Dans une dépêche, l’agence dénonce « l’agitation comique d’une partie de la classe politique et intellectuelle française sur le cas de Boualem Sansal », qui est pour elle une « preuve supplémentaire de l’existence d’un courant « haineux » contre l’Algérie ». « Un lobby qui ne rate pas une occasion pour remettre en cause la souveraineté algérienne », a ajouté l’APS qui remarque que « tout le bottin anti-algérien et accessoirement pro-sioniste de Paris, s’est levé comme un seul homme: Eric Zemmour, Mohamed Sifaoui, Marine Le Pen, Xavier Driencourt, Valérie Pécresse, Jack Lang, Nicolas Dupont Aignan et évidemment Tahar Benjelloun, son ami marocain qui récupère d’une sciatique à force de baise main à Mohamed VI. Tous montent au créneau pour ce révisionniste qui s’est pris les pieds dans le tapis. »
Dans cette Algérie qui inspire certains Etats, l’étau se resserre autour des journalistes, des opposants politiques, mais aussi des millions d’utilisateurs des réseaux sociaux. « Mon frère Sansal est derrière les barreaux, comme l’Algérie tout entière. », constate avec regret Kamel Daoud.

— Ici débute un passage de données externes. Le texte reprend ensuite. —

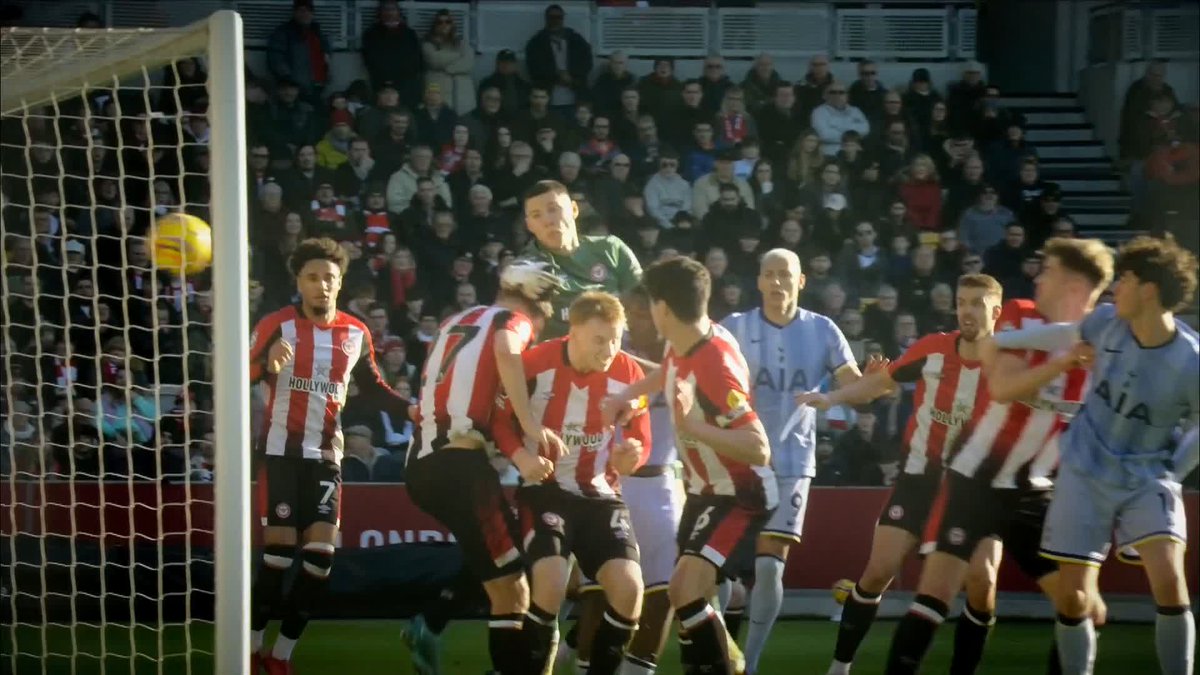 "That's Vieira like!" 😳 Jamie Carragher praises Ryan Gravenberch's form this season 🇳🇱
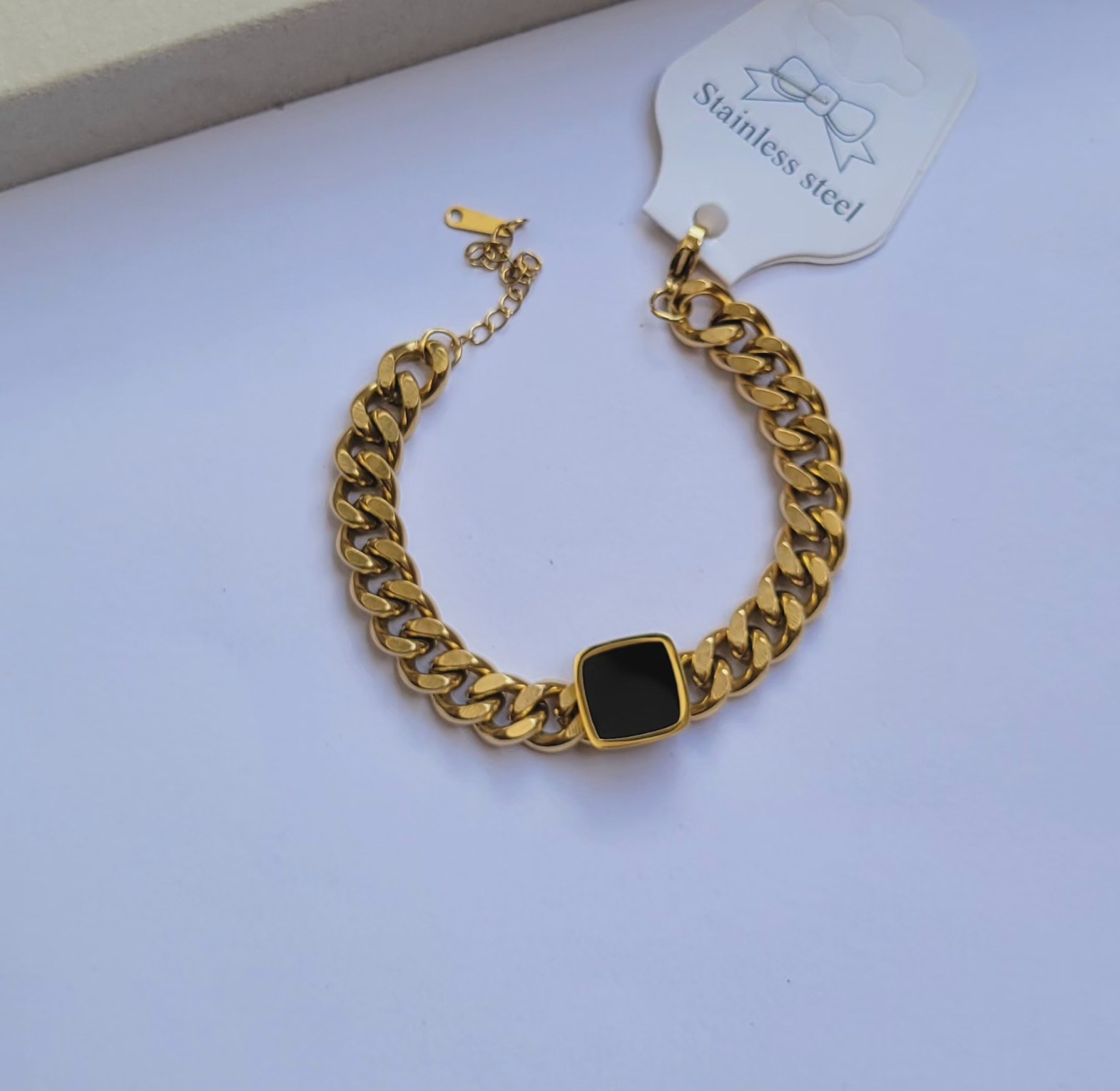 Bracelet  image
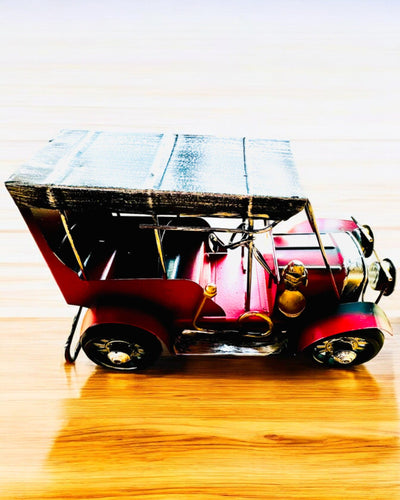 Klassinen Retro-auton malli - kolme vaihtoehtoa kaiverrusmahdollisuudella lahjaksi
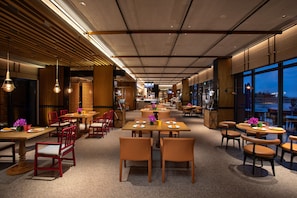 Breakfast, lunch and dinner served  - Hotel Indigo Hainan Xiangshui BAY (Lingshui)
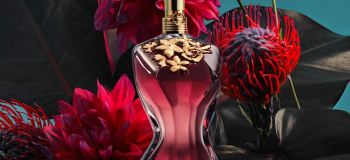 ۱۰ عطر شیرین زنانه محبوب که همیشه جذاب اند؛ از رایحه وانیلی و کاراملی تا عطرهای میوه ای و گلی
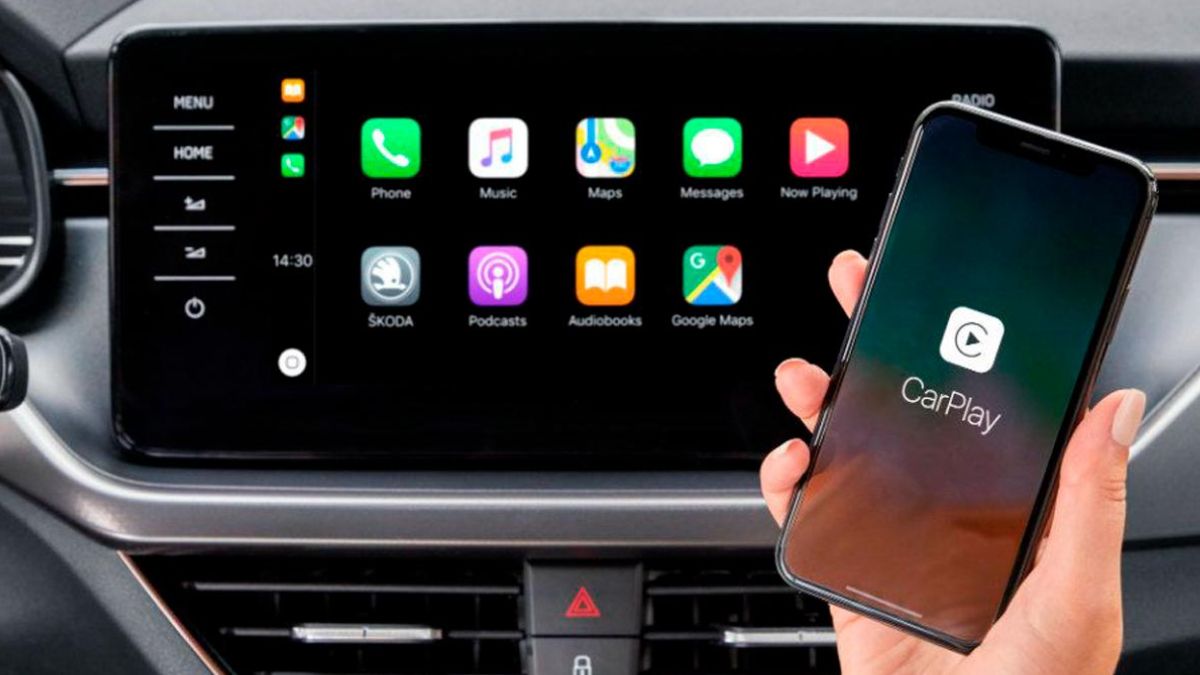 Apple Maps iOS 15.2 tương thích với CarPlay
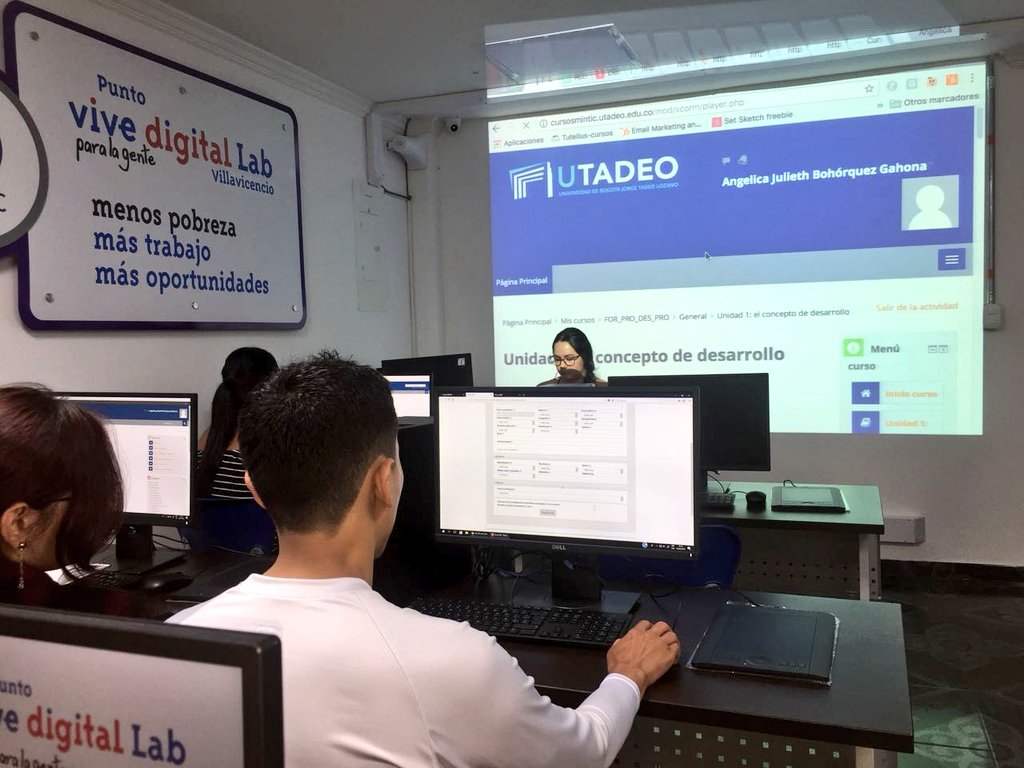 PvdLabVillavo's tweet photo. Continuamos hoy con los cursos certificados del @ministerio_tic y la @Utadeo_edu_co a esta hora en el curso de Formulación de proyectos de desarrollo con énfasis en proyectos productivos Punto #ViveDigitalLab #Villavicencio https://t.co/zcLm7TCjlu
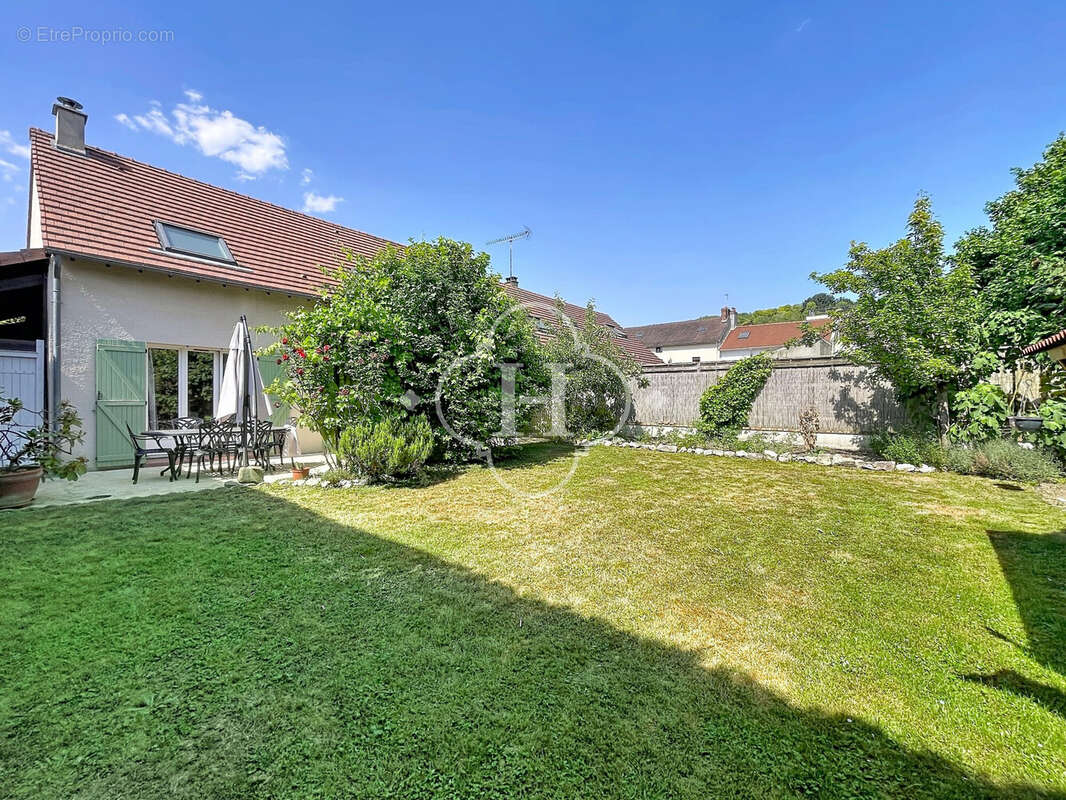 Maison 124 m² à Nezel  - photo 2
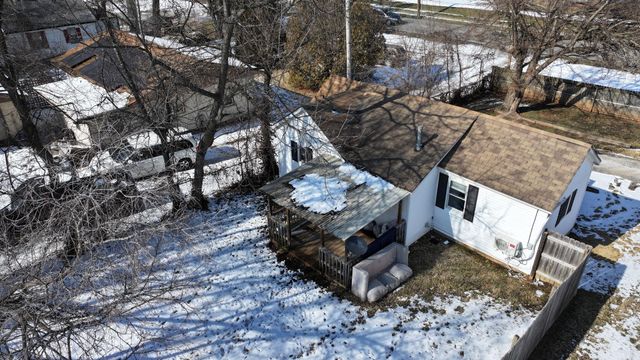 3156 W Mount Vernon Street, Springfield, MO 65802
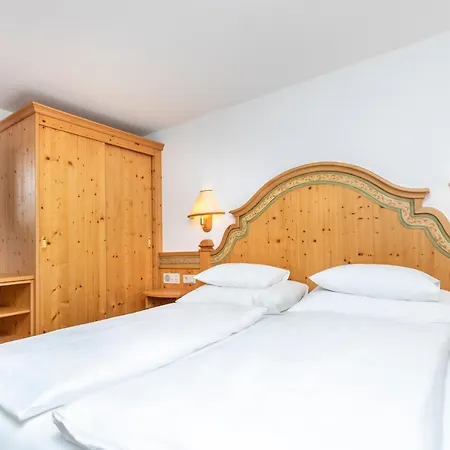 Fruehstueckspension Klinglhub Konukevi Flachau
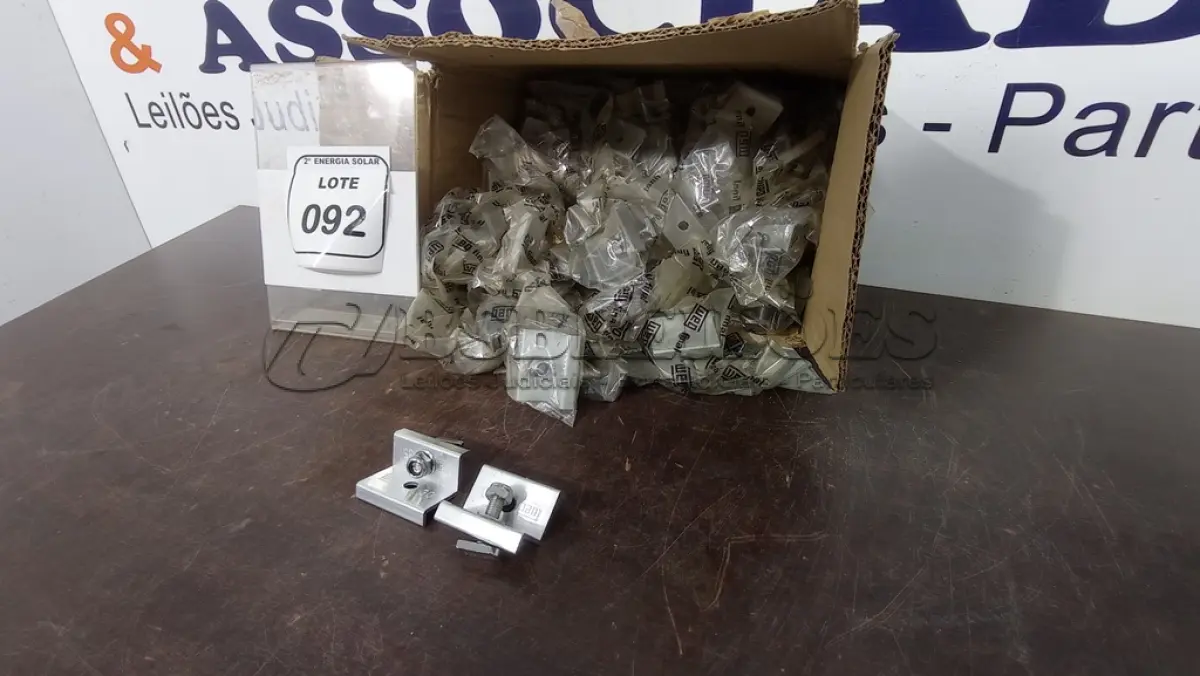 LOTE 092 - 01 LOTE COM GRAMPO FINAL 30-35MM. (NO ESTADO) ATENÇÃO! FAZER A VISITAÇÃO ANTES DE ARREMATAR, NÃO SABEMOS SE FUNCIONA, LEILÃO NÃO TEM GARANTIA E NEM DEVOLUÇÃO, SUJEITO A POSSÍVEIS AVARIAS VISÍVEIS/OCULTAS E/OU AUSÊNCIA DE COMPONENTES.
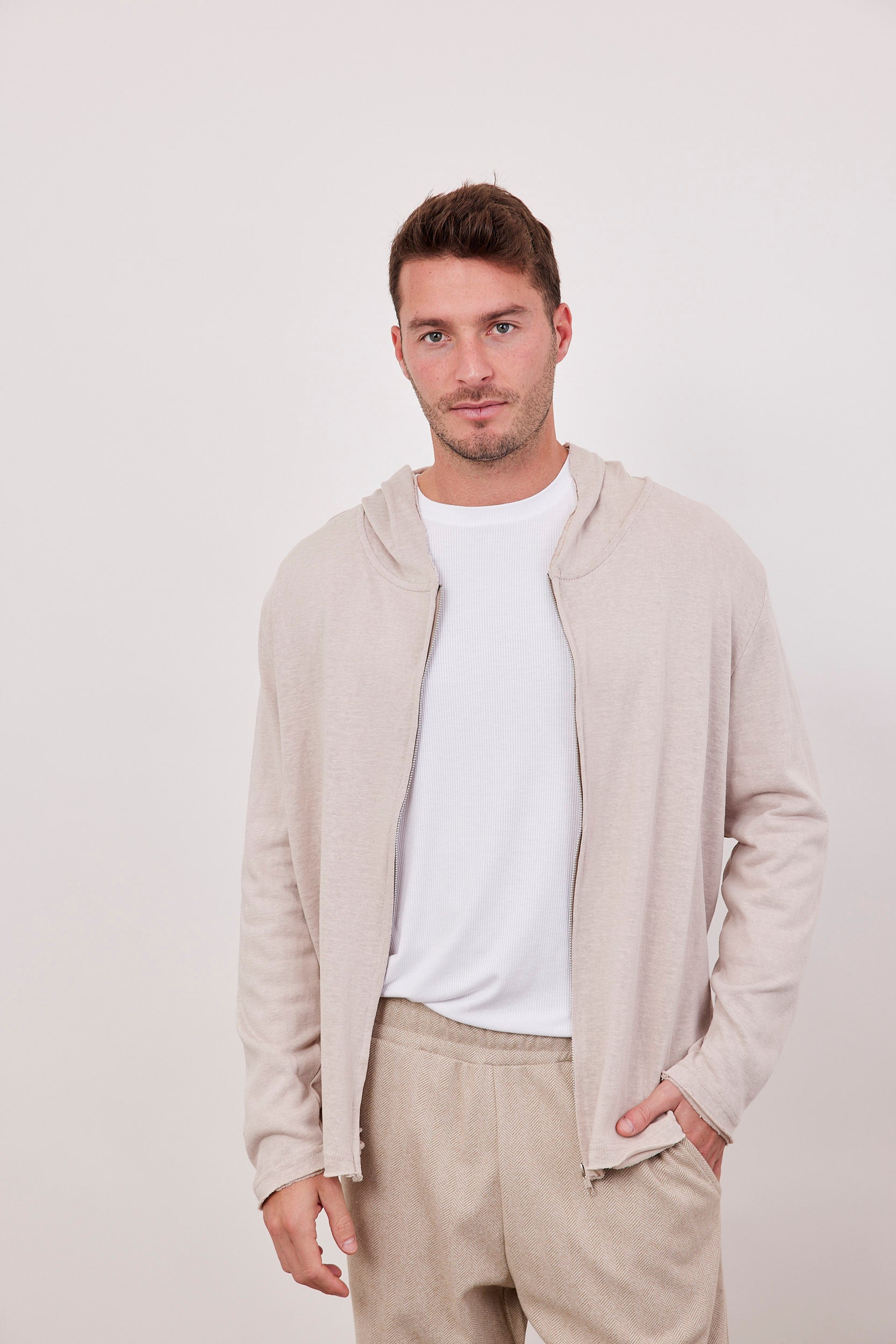 גקט קפוצון בסגירת רוכסן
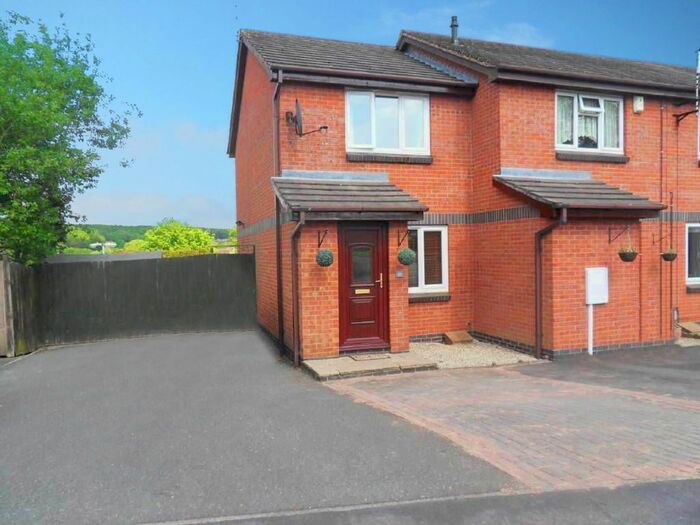 2 Bedroom Detached House To Rent In Holland Close, Whitwick, Coalville, Leicestershire, LE67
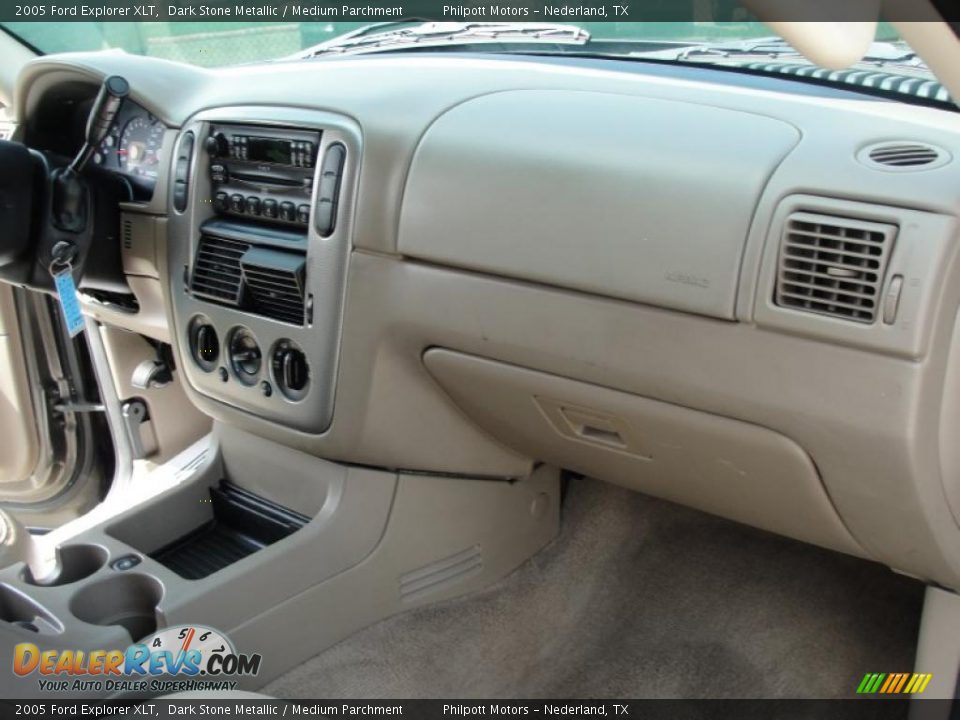 2005 Ford Explorer XLT Dark Stone Metallic / Medium Parchment Photo #24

L’Algérie d’aujourd’hui, c’est un pays où plus de la moitié des 47 millions d’habitants ont moins de 30 ans et rêvent de liberté, de développement, ont soif d’entreprendre mais où les dirigeants âgés de plus de 70 ans -75 ans de moyenne pour Tebboune et ses principaux ministres- et s’accrochent à leurs pouvoirs politiques et économiques. La majorité des Algériens pensent comme Boualem Sansal.